Podemos hacer una afirmación análoga diciendo que un poco de compromiso social puede alejarnos de Dios, pero un compromiso intenso nos acerca a El. Son incontables los casos de participación en la vida política inicialmente motivados por sinceros deseos de contribuir a solucionar los problemas de la pobreza, la injusticia, la falta de libertad, que a no mucho andar van derivando en compromisos y componendas que hacen a menudo abstracción de esos valores en aras de una búsqueda del poder, justificada por una errónea idea de que "después" todo ha de ser distinto porque con suficiente poder se podrá cambiar las raíces estructurales de la pobreza, la injusticia o la ausencia de libertad.

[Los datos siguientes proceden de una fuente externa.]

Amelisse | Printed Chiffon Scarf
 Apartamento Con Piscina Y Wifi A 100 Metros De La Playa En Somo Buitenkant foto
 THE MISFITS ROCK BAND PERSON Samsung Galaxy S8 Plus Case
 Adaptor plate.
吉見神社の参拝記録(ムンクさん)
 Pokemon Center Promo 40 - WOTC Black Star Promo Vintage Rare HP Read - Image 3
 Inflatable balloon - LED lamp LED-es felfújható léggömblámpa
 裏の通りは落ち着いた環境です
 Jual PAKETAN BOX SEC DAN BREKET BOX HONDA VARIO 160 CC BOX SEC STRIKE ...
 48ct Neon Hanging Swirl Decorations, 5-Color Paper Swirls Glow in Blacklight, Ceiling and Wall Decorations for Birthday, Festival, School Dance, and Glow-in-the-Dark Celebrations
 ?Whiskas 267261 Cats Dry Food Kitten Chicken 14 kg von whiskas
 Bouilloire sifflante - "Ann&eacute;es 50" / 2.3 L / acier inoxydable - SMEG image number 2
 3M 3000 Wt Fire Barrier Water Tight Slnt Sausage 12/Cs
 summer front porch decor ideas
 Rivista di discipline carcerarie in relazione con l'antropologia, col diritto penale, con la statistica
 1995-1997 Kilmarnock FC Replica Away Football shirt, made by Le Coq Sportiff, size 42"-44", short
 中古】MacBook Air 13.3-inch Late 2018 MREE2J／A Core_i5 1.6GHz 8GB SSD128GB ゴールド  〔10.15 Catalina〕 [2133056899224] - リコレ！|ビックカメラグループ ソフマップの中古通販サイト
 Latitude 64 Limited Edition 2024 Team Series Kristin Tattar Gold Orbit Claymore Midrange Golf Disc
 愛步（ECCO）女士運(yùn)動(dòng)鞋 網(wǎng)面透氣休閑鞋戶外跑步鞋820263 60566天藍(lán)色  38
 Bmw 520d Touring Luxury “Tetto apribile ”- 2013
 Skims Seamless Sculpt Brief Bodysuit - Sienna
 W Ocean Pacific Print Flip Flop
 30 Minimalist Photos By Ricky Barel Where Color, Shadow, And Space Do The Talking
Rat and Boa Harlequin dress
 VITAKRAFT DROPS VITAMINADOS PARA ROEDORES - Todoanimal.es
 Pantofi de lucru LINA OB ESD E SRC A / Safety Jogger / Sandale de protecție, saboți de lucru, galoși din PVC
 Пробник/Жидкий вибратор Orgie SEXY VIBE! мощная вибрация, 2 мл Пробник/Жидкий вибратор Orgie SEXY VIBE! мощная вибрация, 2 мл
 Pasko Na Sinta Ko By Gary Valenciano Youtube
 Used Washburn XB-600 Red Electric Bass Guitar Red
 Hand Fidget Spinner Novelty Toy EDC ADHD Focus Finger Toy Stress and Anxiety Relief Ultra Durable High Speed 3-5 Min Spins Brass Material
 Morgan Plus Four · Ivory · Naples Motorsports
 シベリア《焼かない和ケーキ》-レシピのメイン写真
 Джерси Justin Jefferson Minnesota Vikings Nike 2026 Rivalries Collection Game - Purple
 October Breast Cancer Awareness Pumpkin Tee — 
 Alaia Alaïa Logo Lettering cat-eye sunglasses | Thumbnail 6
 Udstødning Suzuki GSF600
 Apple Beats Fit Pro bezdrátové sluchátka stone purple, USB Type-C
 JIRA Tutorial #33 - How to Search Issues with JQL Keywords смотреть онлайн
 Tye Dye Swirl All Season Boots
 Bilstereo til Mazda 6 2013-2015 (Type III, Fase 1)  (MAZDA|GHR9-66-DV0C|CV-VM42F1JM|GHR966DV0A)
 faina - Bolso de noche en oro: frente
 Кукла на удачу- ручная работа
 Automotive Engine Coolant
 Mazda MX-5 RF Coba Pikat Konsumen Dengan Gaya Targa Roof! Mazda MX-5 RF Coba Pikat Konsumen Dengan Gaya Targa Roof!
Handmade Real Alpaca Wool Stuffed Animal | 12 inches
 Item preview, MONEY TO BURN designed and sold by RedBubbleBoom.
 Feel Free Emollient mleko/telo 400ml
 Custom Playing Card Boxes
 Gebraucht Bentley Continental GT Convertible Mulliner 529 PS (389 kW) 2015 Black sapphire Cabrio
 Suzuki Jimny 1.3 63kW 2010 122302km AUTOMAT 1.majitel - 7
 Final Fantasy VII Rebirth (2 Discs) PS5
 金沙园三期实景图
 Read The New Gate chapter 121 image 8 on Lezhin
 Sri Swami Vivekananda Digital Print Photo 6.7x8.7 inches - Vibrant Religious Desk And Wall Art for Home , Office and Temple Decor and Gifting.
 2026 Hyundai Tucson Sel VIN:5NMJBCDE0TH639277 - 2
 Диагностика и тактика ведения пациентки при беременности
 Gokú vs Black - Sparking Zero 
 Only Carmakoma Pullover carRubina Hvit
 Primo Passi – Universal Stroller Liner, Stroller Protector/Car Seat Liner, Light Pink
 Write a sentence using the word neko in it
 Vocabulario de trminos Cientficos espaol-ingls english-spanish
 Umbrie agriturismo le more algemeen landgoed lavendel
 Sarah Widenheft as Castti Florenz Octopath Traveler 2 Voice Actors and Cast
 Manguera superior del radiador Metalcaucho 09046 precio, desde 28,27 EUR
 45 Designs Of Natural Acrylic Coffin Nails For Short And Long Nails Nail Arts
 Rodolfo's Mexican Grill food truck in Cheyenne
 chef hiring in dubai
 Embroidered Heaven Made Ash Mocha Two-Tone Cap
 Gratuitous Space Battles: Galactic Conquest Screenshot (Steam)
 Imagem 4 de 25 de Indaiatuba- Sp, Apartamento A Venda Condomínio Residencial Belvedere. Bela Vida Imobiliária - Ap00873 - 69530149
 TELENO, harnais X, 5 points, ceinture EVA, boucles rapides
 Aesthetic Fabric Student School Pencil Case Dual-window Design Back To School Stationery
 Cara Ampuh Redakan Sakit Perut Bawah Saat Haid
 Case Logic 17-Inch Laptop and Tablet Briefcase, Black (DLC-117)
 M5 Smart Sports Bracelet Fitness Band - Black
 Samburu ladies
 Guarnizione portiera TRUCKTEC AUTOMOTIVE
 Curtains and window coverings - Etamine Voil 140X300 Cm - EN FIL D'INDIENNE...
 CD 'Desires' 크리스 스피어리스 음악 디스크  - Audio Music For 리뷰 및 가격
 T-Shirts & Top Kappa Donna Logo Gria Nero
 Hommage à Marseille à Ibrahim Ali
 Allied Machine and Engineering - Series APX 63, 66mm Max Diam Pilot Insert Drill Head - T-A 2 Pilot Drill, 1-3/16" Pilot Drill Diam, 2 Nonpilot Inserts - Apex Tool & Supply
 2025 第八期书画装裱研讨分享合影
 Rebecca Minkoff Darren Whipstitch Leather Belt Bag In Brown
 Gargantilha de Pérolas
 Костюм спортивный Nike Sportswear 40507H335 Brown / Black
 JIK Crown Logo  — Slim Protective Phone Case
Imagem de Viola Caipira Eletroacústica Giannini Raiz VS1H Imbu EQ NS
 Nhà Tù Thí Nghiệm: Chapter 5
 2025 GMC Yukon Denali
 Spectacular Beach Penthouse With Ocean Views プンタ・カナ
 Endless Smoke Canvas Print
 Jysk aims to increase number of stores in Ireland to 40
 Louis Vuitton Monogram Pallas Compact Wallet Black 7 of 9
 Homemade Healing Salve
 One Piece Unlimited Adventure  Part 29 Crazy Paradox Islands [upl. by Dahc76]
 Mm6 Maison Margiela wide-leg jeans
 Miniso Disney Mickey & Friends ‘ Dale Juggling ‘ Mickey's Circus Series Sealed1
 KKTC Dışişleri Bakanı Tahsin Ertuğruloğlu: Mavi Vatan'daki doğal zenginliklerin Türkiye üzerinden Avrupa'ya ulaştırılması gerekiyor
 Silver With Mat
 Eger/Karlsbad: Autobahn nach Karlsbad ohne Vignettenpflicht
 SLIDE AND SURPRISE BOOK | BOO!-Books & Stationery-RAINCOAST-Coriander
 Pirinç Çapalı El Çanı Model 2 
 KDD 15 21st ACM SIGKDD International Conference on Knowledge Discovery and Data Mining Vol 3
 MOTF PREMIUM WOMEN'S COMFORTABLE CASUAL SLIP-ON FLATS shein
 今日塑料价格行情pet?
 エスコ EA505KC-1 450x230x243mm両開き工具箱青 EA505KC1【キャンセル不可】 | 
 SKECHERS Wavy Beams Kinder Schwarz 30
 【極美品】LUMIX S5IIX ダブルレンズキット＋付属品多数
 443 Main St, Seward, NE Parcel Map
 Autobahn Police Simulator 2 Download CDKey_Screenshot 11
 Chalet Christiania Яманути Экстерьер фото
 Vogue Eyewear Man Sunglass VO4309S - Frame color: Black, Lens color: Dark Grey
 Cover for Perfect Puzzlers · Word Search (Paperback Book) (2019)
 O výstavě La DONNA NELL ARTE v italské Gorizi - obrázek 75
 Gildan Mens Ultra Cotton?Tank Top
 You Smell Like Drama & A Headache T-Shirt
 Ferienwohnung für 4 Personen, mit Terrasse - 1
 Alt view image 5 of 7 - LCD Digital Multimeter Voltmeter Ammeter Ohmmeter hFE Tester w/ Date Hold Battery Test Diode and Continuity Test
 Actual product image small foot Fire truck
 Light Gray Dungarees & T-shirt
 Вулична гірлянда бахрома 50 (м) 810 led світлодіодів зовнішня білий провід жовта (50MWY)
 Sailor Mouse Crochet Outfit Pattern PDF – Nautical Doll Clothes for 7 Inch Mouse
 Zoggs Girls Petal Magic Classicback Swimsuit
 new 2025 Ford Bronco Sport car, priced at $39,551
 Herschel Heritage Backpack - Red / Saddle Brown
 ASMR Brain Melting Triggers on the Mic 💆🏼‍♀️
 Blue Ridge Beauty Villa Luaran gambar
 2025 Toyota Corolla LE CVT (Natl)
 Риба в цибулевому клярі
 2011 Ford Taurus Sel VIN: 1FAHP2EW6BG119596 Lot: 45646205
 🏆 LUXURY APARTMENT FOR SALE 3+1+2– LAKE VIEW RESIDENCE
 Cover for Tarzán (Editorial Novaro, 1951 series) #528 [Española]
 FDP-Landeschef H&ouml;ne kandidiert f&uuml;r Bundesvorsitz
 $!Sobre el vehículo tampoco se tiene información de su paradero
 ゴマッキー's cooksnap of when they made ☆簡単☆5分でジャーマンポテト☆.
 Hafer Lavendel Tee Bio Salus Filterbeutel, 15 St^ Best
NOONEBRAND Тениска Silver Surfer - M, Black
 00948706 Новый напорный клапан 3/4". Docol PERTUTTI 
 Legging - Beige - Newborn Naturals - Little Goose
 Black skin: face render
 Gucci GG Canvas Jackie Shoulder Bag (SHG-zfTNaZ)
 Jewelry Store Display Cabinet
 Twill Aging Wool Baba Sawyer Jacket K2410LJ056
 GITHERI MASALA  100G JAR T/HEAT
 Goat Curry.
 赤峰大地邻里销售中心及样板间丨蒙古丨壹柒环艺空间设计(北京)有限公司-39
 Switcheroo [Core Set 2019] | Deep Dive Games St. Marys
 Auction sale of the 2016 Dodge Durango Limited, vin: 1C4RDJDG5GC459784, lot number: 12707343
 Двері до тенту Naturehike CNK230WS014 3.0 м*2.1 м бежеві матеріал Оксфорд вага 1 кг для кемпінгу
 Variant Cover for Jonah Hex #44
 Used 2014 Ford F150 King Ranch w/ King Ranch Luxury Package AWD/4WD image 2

Un poco de ciencia o de arte nos hace soberbios, llevando a creernos autosuficientes para conocer toda la verdad y apreciar toda la belleza; un poco de compromiso social aplaca nuestros ímpetus liberadores y justicieros, llevándonos a creer ilusoriamente que estamos haciéndolo todo por superar esos problemas. Un poco de ciencia, de arte, de política, de cultura, de compromiso social, nos lleva a un mundo de complejidades, donde son convenientes los términos medios, las acomodaciones y satisfacciones parciales; un mundo en el cual Dios con sus exigencias de entrega y donación, la espiritualidad con su búsqueda de simplicidad y la pureza, terminan siendo molestos, superfluos, no viables, imposibles, y son finalmente desechados.

Es que en la mediocridad el espíritu humano se apaga. "Porque no eres frío ni caliente, estoy por vomitarte de mi boca", dice Dios en el Apocalipsis. En cambio, el espíritu vive en la tensión de los límites; el espíritu se renueva en la superación de sí mismo.

La razón por la cual el desarrollo profundo en una dimensión particular del espíritu conduce a un encuentro con las otras dimensiones del hombre radica en la unicidad del espíritu humano. Este se desarrolla entero cuando se extiende en alguna de sus dimensiones. Crecen todas sus virtualidades cuando se actualiza una de sus dimensiones. Así se explica que hombres profundamente espirituales demuestran ser a menudo muy prácticos y excelentes organizadores; o que intelectuales connotados tengan una riqueza religiosa notable, o que artistas excelentes alcancen notoriedad también en la política.

A medida que el espíritu se expande se va simplificando y alcanzando mayor unidad interior. Esto sucede en cualquiera de las dimensiones y orientaciones por las que inicie y consiga su actualización. La política como acción espiritual -nivel en que se constituye efectivamente como un bien social- requiere e implica superar los intereses individuales y particulares para alcanzar una perspectiva global. Ello es en su esencia misma un proceso de simplificación espiritual y universalización de los hombres que la ejercitan. La ciencia y el arte suponen un salir de sí mismos para sumergirse en valores que nos trascienden; sólo entonces alcanzan la verdad y la belleza; y ello es también esencialmente un proceso de simplificación espiritual y universalización. La meditación y la espiritualidad son formas superiores de simplificación, a través de las cuales se van superando complejidades y contradicciones del yo individual, que va siendo abandonado o trascendido. El espíritu, en cualquiera dirección que se tense, se va simplificando y alcanzando creciente unidad, de manera que al final se encuentra consigo mismo en la riqueza de sus potencialidades realizadas.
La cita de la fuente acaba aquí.